> **DATA SHOWN**:
--- START ---

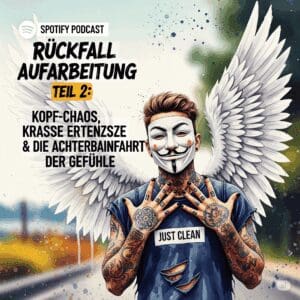 Rückfall Aufarbeitung Teil 2: Kopf-Chaos, krasse Erkenntnisse & die Achterbahnfahrt der Gefühle. Podcast und Artikel Titelbild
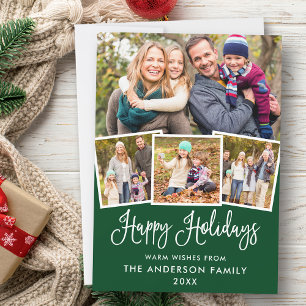 Modern Roligt Calligraphy 4 Photo Grönt Julkort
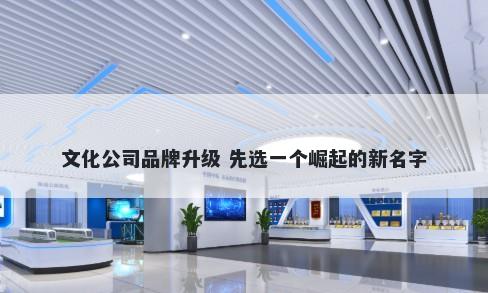 文化公司品牌升级 先选一个崛起的新名字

--- END ---

> **PROBLEM TO WORK ON**: Print the full listing exactly, dropping the pictures.

> **ANSWER AREA**:
 Rückfall Aufarbeitung Teil 2: Kopf-Chaos, krasse Erkenntnisse & die Achterbahnfahrt der Gefühle. Podcast und Artikel Titelbild
 Modern Roligt Calligraphy 4 Photo Grönt Julkort
 文化公司品牌升级 先选一个崛起的新名字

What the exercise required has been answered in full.